いちえふ (Ichi-efu)
- Genre: Autobiography; Historical;
- Written by: Kazuto Tatsuta
- Published by: Kodansha
- English publisher: NA: Kodansha USA; TW: Sharp Point Press;
- Magazine: Morning
- Original run: October 31, 2013 – October 8, 2015
- Volumes: 3

= Ichi-F =

Japanese manga series

Ichi-F: A Worker's Graphic Memoir of the Fukushima Nuclear Power Plant (いちえふ 福島第一原子力発電所労働記, Ichi-efu Fukushima Daiichi Genshiryoku Hatsudensho Rōdōki) is a graphic memoir by Kazuto Tatsuta about his time as a worker on the ongoing cleanup following the 2011 Fukushima Daiichi nuclear disaster. The manga, which Tatsuta wrote under a pseudonym for fear of being barred from the plant site, was originally published as a one-shot, winning Kodansha's MANGA OPEN contest. It was later extended into a full series, which was serialized in Morning from 2013 to 2015.

The title is derived from the cleanup workers' nickname for the Fukushima Daiichi Nuclear Power Plant, "ichiefu" or "1-F."

Three collected volumes were published in Japan in 2014 and 2015. Kodansha Comics published an English-language edition as a single volume on March 7, 2017, close to the sixth anniversary of the 2011 Tōhoku earthquake and tsunami that precipitated the disaster.

The series was widely read and discussed in Japan as one of the only pieces of reliable reporting from inside the cleanup site, which was previously only accessible to the media through tours tightly controlled by plant operator TEPCO.

== Overview ==
Referring to his work in the Japanese subtitle as a "record of labor", Tatsuta describes the daily lives of workers at the site down to small details, such as how itchy their noses would become after hours under protective masks. (That chapter, titled "Itchy Nose", was republished in the March 2017 issue of Harper's Magazine.) Other notable details include a description of the multi-layered subcontracting system employed by TEPCO to hire cleanup workers. The unnamed company that Tatsuta worked for is a sixth subcontractor of TEPCO, and after all the intermediaries took their cuts, his salary was only 8,000 yen per day, rising to 20,000 yen on days when he was called upon to enter the reactor buildings.

Neither the manga nor Tatsuta have posed an answer to whether Japanese nuclear power plants should be closed. When Kyodo News asked why Tatsuta wrote the series, he said, "I wanted to describe the gap between what the public thought and what I saw inside. Ichiefu is...like my diary, but I am pleased if it has resulted in showing the workers' real lives."

== Release ==
The manga originated as a one-shot by Tatsuta for a competition run by Kodansha's seinen manga magazine Morning. It was published in the magazine on October 3, 2013, after winning the grand prize. The manga was then serialized from October 31, 2013, to October 8, 2015, and compiled into three volumes by Kodansha.

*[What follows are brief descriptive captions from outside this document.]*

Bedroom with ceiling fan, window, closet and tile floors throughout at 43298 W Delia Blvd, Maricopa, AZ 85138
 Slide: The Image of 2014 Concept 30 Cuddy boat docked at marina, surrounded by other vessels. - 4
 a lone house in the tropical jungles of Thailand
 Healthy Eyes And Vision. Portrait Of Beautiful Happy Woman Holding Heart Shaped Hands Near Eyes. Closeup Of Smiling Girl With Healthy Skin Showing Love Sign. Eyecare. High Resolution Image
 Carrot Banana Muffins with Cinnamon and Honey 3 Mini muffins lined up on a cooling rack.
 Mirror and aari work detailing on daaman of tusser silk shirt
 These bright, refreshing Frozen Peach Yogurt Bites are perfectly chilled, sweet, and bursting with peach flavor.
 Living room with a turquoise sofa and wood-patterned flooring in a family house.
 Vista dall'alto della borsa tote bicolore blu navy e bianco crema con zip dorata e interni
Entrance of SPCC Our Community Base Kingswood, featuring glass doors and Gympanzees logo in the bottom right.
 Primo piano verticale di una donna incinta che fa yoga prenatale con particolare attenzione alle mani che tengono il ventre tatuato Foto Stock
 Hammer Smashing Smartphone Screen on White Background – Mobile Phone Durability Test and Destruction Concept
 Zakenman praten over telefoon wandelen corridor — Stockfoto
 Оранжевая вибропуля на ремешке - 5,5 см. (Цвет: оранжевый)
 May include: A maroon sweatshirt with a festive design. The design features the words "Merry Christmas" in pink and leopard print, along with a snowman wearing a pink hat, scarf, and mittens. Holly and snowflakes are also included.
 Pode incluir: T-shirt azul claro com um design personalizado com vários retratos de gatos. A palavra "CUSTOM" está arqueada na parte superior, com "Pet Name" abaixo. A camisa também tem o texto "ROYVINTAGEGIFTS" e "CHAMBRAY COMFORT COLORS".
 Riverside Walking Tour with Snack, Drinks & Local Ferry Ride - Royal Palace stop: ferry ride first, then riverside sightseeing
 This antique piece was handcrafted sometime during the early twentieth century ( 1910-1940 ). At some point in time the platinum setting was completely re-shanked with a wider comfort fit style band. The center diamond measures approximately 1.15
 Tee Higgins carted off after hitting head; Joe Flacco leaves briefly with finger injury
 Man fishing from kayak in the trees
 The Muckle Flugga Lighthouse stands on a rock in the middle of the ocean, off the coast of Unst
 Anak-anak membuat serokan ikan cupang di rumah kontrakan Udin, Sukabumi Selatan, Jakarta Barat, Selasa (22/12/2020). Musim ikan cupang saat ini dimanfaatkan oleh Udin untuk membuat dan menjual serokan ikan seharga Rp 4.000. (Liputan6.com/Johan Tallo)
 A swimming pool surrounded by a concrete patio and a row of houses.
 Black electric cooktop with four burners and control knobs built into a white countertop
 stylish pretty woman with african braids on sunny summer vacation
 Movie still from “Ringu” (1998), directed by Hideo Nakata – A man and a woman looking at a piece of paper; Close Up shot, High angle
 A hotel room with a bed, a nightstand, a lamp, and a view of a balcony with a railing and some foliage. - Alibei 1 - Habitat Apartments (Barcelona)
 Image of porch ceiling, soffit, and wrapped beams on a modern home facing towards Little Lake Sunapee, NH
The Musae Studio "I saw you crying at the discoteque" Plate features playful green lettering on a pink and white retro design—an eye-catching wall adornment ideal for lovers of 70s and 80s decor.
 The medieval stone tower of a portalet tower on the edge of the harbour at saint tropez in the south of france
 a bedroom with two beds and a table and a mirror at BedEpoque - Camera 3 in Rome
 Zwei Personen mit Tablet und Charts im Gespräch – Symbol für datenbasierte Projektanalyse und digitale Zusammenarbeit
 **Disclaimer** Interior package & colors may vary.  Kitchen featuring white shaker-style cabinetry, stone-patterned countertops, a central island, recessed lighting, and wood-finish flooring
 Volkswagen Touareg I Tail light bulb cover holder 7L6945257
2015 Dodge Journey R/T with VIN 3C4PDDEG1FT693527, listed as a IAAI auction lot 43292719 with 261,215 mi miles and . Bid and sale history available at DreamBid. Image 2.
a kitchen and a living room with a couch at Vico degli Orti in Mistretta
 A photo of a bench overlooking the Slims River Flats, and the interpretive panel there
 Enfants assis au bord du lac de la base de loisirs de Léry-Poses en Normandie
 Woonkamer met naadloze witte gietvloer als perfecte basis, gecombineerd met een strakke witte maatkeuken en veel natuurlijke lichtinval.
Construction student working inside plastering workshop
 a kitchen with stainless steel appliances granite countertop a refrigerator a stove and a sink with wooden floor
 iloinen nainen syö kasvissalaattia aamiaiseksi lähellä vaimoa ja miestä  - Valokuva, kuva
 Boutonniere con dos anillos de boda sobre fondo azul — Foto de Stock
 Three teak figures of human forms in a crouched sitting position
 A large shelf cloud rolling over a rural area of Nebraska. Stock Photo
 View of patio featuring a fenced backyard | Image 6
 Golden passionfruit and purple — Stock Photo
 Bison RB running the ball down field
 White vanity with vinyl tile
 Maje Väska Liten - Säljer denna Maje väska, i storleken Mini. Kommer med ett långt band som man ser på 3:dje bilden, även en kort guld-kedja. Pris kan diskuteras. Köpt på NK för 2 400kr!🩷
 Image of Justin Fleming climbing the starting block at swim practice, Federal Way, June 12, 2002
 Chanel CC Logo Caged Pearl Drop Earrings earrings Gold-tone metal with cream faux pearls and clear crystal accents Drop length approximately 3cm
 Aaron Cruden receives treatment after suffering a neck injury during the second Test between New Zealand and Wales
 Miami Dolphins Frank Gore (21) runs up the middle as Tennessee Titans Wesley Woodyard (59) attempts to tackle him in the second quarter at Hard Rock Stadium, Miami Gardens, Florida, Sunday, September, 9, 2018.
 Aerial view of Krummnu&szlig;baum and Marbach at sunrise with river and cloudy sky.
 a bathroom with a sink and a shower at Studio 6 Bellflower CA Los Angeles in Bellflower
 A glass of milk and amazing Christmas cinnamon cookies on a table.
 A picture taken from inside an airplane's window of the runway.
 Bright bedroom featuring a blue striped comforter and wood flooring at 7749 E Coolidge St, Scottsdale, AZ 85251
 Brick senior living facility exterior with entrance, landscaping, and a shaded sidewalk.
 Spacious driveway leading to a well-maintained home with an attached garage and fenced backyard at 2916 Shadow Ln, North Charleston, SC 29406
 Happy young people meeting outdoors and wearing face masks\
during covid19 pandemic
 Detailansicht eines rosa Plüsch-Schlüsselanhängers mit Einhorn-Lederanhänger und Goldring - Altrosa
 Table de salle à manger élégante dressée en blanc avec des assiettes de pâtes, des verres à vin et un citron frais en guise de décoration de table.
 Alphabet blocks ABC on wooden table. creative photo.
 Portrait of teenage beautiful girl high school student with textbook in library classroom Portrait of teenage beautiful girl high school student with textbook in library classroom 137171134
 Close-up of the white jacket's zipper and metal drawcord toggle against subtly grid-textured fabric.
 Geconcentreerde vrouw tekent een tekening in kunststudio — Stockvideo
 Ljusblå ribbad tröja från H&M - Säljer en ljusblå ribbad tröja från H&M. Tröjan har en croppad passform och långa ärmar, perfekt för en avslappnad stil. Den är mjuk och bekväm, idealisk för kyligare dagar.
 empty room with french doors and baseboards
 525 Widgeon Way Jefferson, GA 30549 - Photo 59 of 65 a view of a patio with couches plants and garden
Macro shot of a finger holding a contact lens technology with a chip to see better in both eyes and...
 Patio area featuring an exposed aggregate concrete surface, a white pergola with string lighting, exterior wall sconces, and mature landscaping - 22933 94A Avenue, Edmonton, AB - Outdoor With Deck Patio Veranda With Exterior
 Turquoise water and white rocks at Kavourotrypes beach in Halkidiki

In June 2016, Kodansha USA listed an English edition of the manga on Amazon, later announcing its license at Anime Expo. The manga was subsequently published in an omnibus edition on March 7, 2017, including flipped artwork and some colored pages. The manga has also been licensed in France by Kana, in Italy by Star Comics, in Germany by Carlsen, in Spain by Norma Editorial, in Argentina by Ivrea Editorial and in Taiwan by Sharp Point Press.

== Reception ==
Amelia Cook of Otaku USA described the manga as true slice of life, finding fault in the artwork's faces, but complimenting its details, concluding that the manga is a "very human look at a sensationalized issue". Theron Martin of Anime News Network found the art to be "clean, very detail-rich, and appealing", noting that the work should appeal to non-manga readers. Robert Frazer of UK Anime Network called Tetsuta's non-sensationalist narrative approach "refreshing", although he criticized some of the choices Kodansha Comics made in bringing Ichi-F to the English market. Rhea Rollmann of PopMatters saw the manga as a potential new example of "working-class manga", but was critical of what she saw as Tatsuta's excessive neutrality and justification of precarity. Gabe Peralta of the Fandom Post liked the humanizing aspect of the work, finding the author's straightforward style to be its biggest strength and weakness.